- _TASK TO CARRY OUT_
All of the records below are to be output exactly; no image belongs in the result.

Captioned web image data:

******

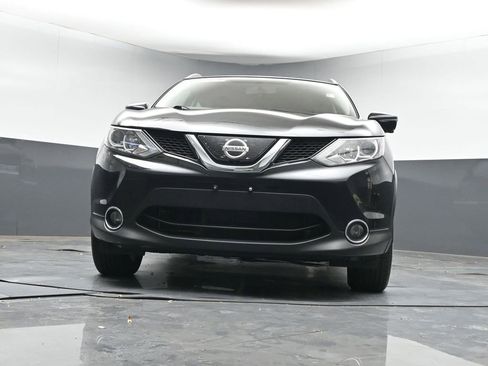 Used 2018 Nissan Rogue Sport SV w/ SV Technology Package image 30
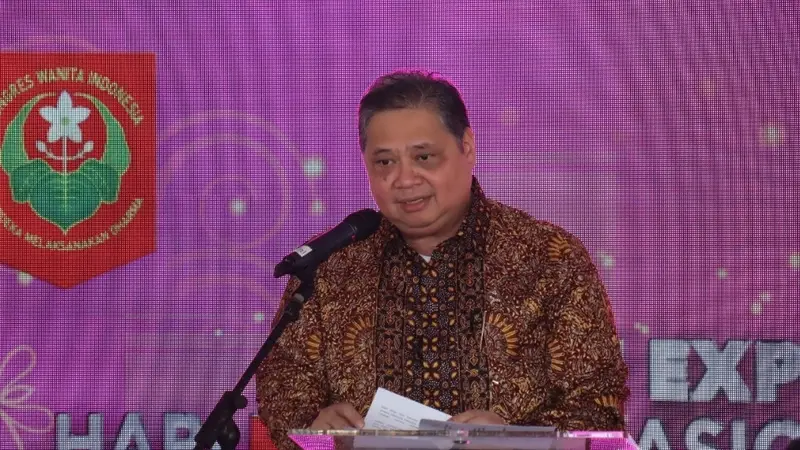 Menteri Koordinator Bidang Perekonomian Airlangga Hartarto memberikan sambutan di pembukaan KOWANI Expo.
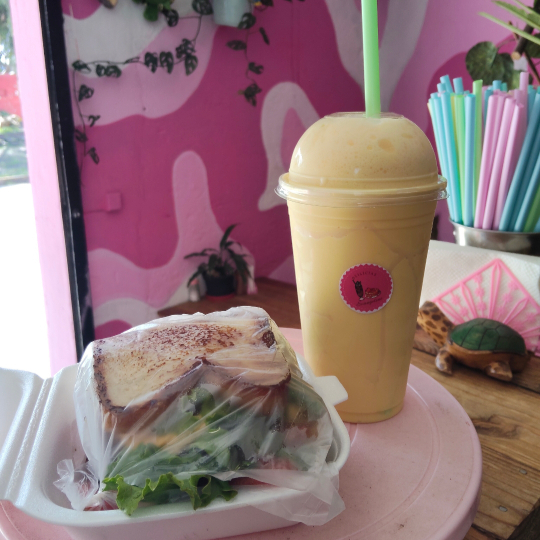 Desayuno Sandwich y Malteada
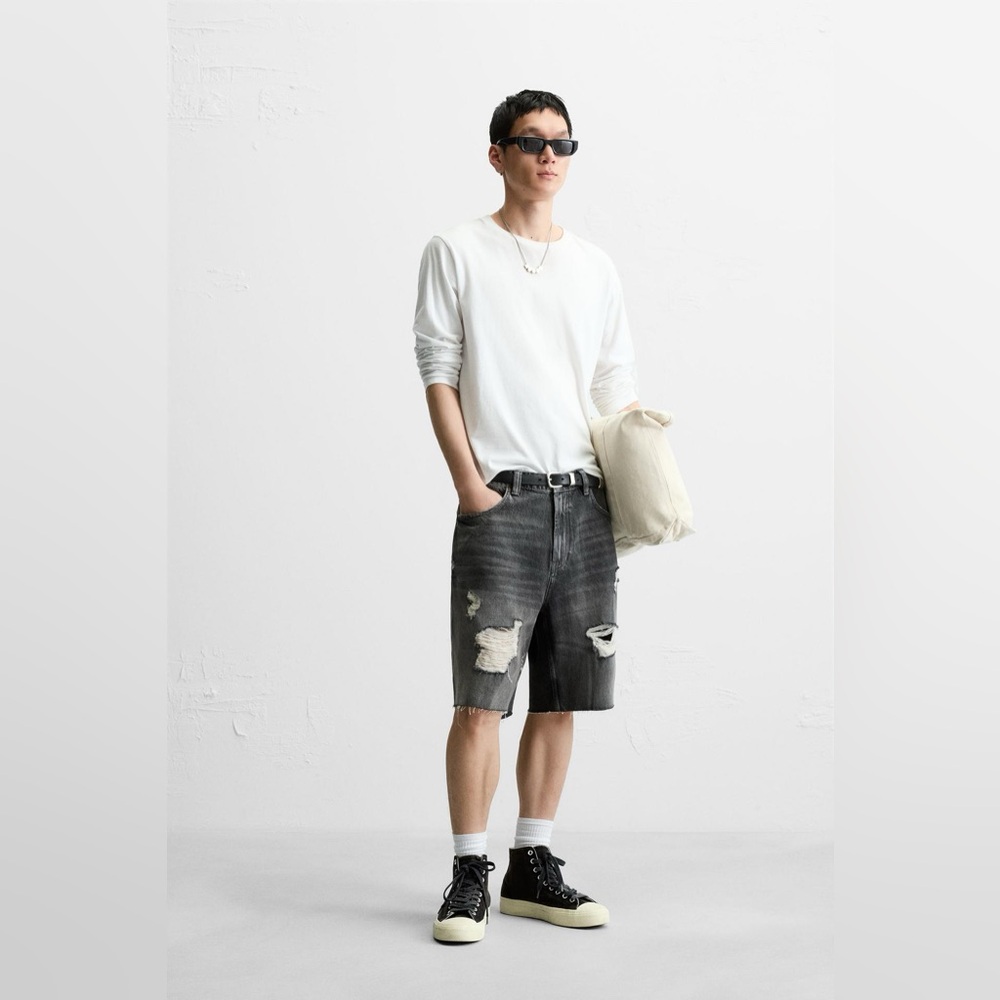 Levi's Charcoal Gray Denim distressed jean shorts men’s size 36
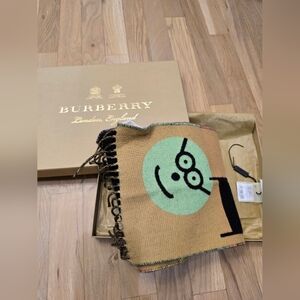 Burberry I love Burberry kids scarf antique yellow color
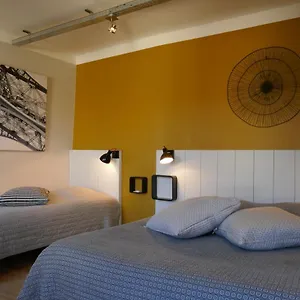 Le Sommeil Des Fées Bed and breakfast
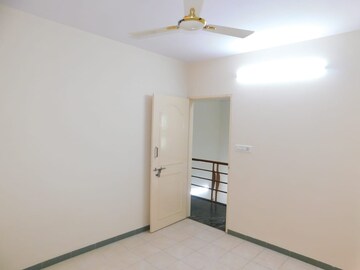Room in 3.5 BHK Independent House at Kr Puram – for Rent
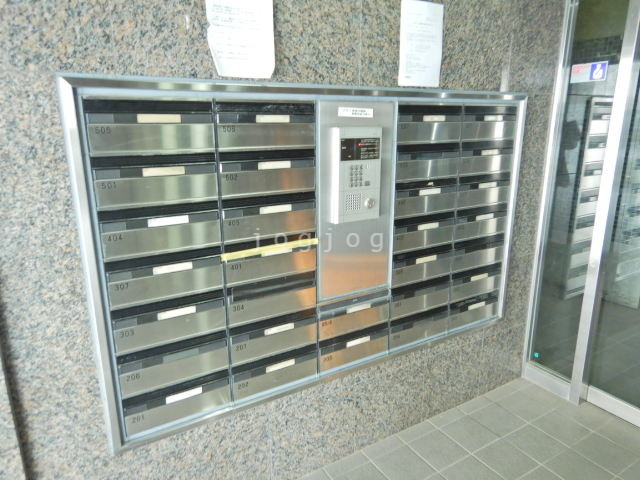 エントランス　集合ポスト、オートロック操作盤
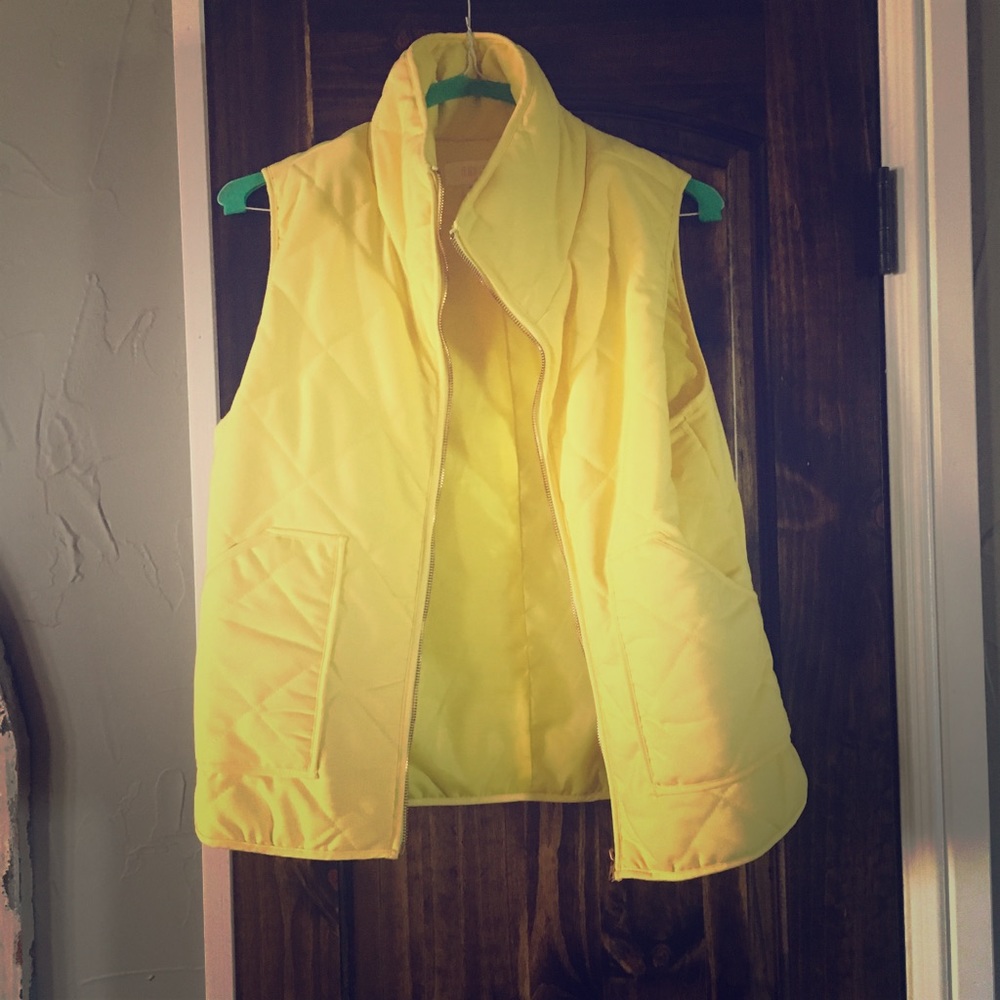 Yellow vest with zipper size large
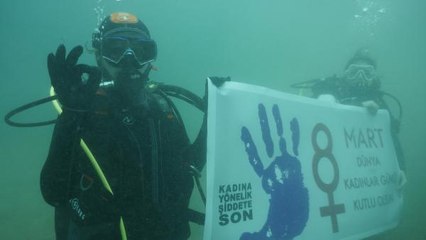 DALGIÇ KADINLARIN SU ALTINDAKİ KUTLAMASI BÖYLE GÖRÜNTÜLENDİ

******

- _FINISHED EXERCISE_
 Used 2018 Nissan Rogue Sport SV w/ SV Technology Package image 30
 Menteri Koordinator Bidang Perekonomian Airlangga Hartarto memberikan sambutan di pembukaan KOWANI Expo.
 Desayuno Sandwich y Malteada
 Levi's Charcoal Gray Denim distressed jean shorts men’s size 36
 Burberry I love Burberry kids scarf antique yellow color
 Le Sommeil Des Fées Bed and breakfast
Room in 3.5 BHK Independent House at Kr Puram – for Rent
 エントランス　集合ポスト、オートロック操作盤
 Yellow vest with zipper size large
 DALGIÇ KADINLARIN SU ALTINDAKİ KUTLAMASI BÖYLE GÖRÜNTÜLENDİ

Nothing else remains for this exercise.